8. Palpasi daerah orbital medial. Kelembutan mungkin menandakan kerusakan pada kompleks nasoethmoidal. 9. Lakukan tes palpasi bimanual hidung, bius dan tekan intranasal terhadap lengkung orbital medial. Secara bersamaan tekan canthus medial. Jika tulang bergerak, berarti adanya kompleks nasoethmoidal yang retak. 10. Lakukan tes traksi. Pegang tepi kelopak mata bawah, dan tarik terhadap bagian medialnya. Jika "tarikan" tendon terjadi, bisa dicurigai gangguan dari canthus medial. 11. Periksa hidung untuk telecanthus (pelebaran sisi tengah hidung) atau dislokasi. Palpasi untuk kelembutan dan krepitasi. 12. Periksa septum hidung untuk hematoma, massa menonjol kebiruan, laserasi pelebaran mukosa, fraktur, atau dislokasi, dan rhinorrhea cairan cerebrospinal. 13. Periksa untuk laserasi liang telinga, kebocoran cairan serebrospinal, integritas membran timpani, hemotympanum, perforasi, atauecchymosis daerah mastoid (Battle sign). 14. Periksa lidah dan mencari luka intraoral, ecchymosis, atau bengkak. Secara Bimanual meraba mandibula, dan memeriksa tanda-tanda krepitasi atau mobilitas. 15. Tempatkan satu tangan pada gigi anterior rahang atas dan yang lainnya di sisi tengah hidung. 16. Gerakan hanya gigi menunjukkan fraktur le fort I. Gerakan di sisi hidung menunjukkan fraktur Le Fort II atau III. 17. Memanipulasi setiap gigi individu untuk bergerak, rasa sakit, gingival dan pendarahan intraoral, air mata, atau adanya krepitasi. 18. Lakukan tes gigit pisau.

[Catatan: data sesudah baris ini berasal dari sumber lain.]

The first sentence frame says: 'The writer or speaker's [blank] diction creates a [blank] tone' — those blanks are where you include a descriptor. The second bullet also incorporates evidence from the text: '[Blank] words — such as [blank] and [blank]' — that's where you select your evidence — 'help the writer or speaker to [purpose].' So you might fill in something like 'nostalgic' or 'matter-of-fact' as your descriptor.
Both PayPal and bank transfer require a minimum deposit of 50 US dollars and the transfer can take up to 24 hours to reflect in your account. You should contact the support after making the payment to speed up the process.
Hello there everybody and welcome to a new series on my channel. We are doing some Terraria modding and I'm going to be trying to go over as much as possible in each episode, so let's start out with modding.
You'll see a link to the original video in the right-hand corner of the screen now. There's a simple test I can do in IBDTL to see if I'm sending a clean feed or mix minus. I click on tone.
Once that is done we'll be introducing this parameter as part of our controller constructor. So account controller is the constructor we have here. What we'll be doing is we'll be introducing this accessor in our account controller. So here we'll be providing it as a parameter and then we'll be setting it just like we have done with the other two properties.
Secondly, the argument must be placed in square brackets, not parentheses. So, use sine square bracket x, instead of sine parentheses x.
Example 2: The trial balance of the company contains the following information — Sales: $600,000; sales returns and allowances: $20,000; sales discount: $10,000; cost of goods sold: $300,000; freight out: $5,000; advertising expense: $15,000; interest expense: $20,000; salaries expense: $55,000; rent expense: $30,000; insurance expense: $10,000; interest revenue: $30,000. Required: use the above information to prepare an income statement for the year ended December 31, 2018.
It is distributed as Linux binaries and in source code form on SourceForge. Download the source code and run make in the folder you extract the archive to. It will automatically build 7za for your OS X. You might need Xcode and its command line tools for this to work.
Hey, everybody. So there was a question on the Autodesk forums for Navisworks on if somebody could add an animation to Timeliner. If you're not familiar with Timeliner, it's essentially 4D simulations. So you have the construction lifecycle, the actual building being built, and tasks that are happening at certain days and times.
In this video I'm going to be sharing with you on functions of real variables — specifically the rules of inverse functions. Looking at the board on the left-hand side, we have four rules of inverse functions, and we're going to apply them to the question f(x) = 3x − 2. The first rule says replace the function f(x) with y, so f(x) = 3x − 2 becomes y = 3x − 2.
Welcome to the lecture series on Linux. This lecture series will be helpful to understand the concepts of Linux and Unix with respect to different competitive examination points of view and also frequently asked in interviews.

Minta pasien untuk menggigit keras pada pisau. Jika rahang retak, pasien tidak dapat melakukan ini dan akan mengalami rasa sakit. 19. Meraba seluruh bahagian mandibula dan sendi temporomandibular untuk memeriksa nyeri, kelainan bentuk, atau ecchymosis.

20. Palpasi kondilus mandibula dengan menempatkan satu jari di saluran telinga eksternal, sementara pasien membuka dan menutup mulut. Rasa sakit atau kurang gerak kondilus menunjukkan fraktur. 21. Periksa paresthesia atau anestesi saraf.3 2.9 Pemeriksaan Penunjang3 1. Wajah Bagian Atas : CT-scan 3D dan CBCT-scan 3D (Cone Beam CT-scan 3D). CT-scan aksial koronal. Imaging Alternatif diantaranya termasuk CT Scan kepaladan X-ray kepala 2. Wajah Bagian Tengah : CT-scan 3D dan CBCT-scan 3D (Cone Beam CT-scan 3D). CT scan aksial koronal. Imaging Alternatif diantaranya termasuk radiografi posisi waters dan posteroanterior (Caldwells), Submentovertek (Jughandles). 3. Wajah Bagian Bawah : CT-scan 3D dan CBCT-scan 3D. Panoramic X-ray. Imaging Alternatif diagnostik mencakup posisi : - Posteroanterior (Caldwells). - Posisi lateral (Schedell). - Posisi towne.